WORK INSTRUCTION:
Each line in the data must be reproduced as written, except for any picture.

DATA SECTION:
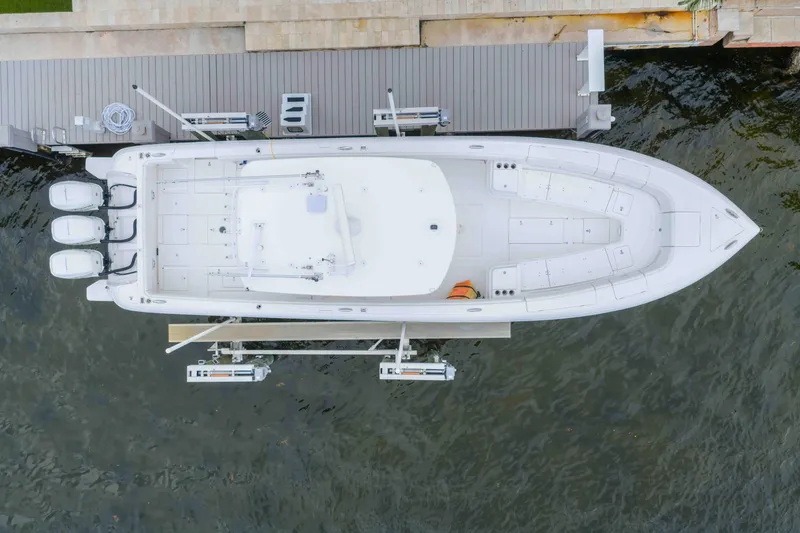 Slide: The Image of Aerial view of 2019 Intrepid 400 Center Console boat docked at a marina. - 13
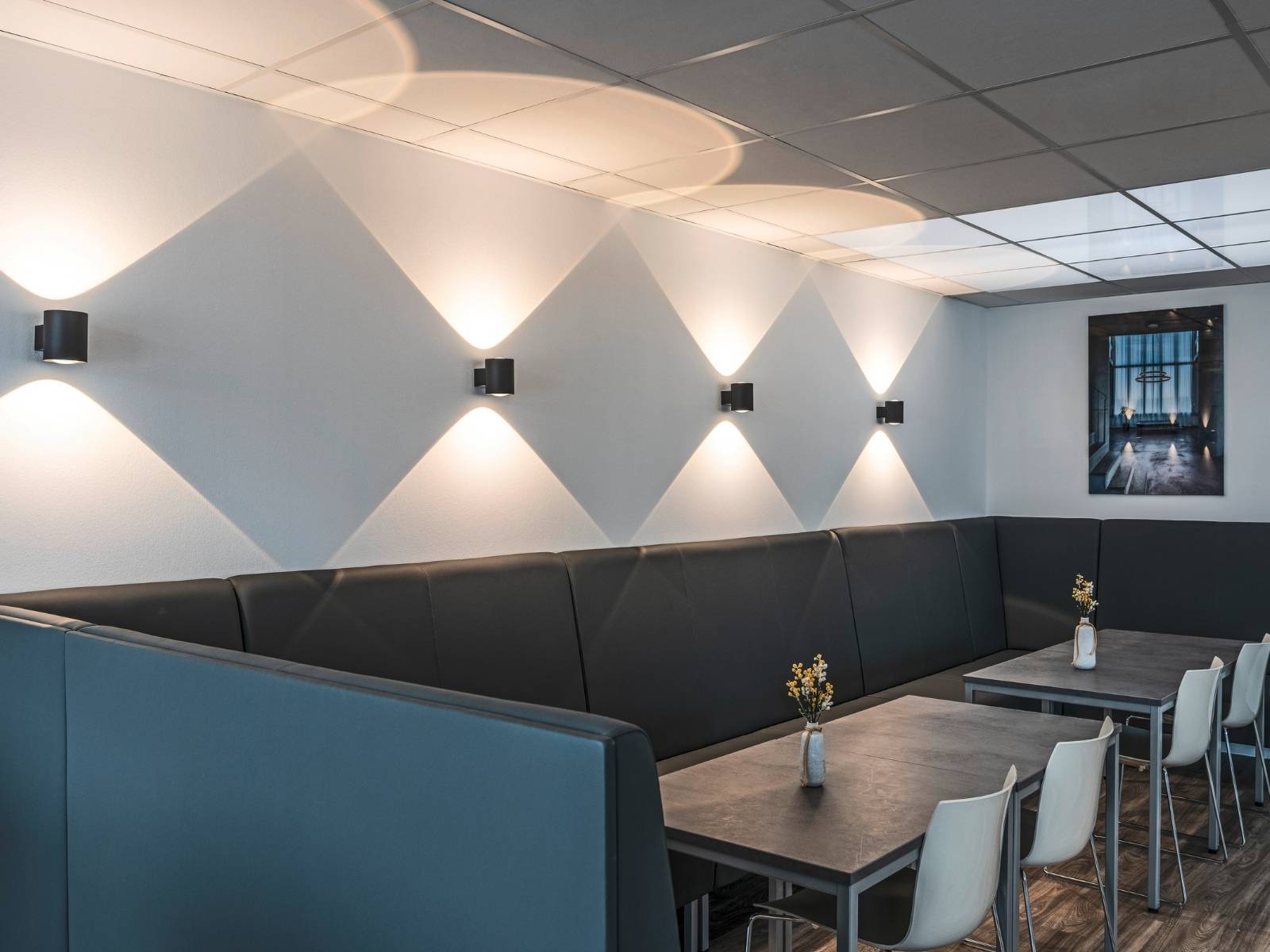 Vier schwarze, quadratische Up-and-Down-Wandleuchten erzeugen dekorative, sanduhrförmige Lichtkegel an einer weißen Wand in einer Sitzecke.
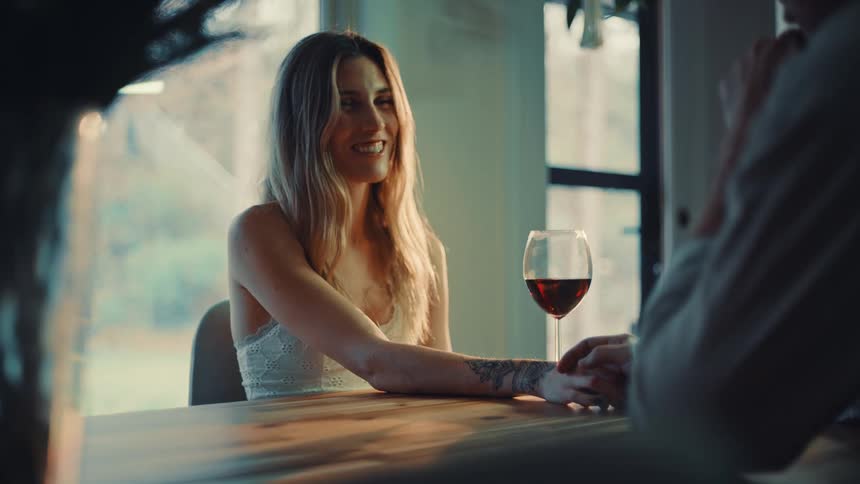 A smiling woman holds hands with a man across a wooden table next to a glass of red wine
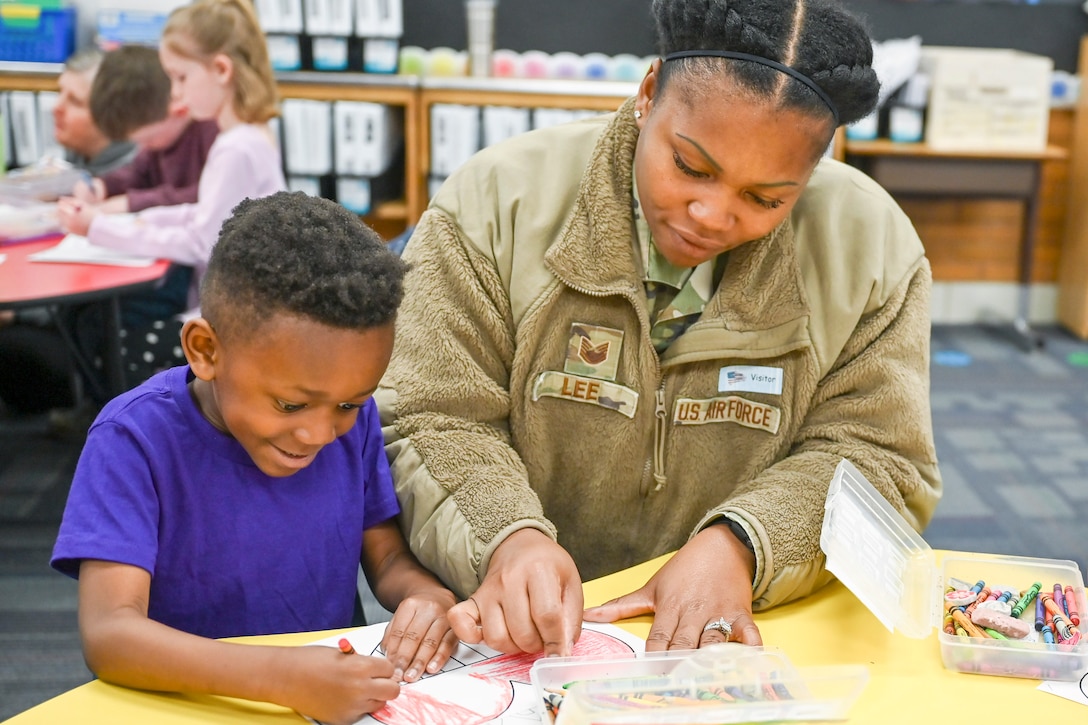 An airman and son color while sitting next to each other in a classroom with fellow students and parents in the background.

ANSWER SECTION:
 Slide: The Image of Aerial view of 2019 Intrepid 400 Center Console boat docked at a marina. - 13
 Vier schwarze, quadratische Up-and-Down-Wandleuchten erzeugen dekorative, sanduhrförmige Lichtkegel an einer weißen Wand in einer Sitzecke.
 A smiling woman holds hands with a man across a wooden table next to a glass of red wine
 An airman and son color while sitting next to each other in a classroom with fellow students and parents in the background.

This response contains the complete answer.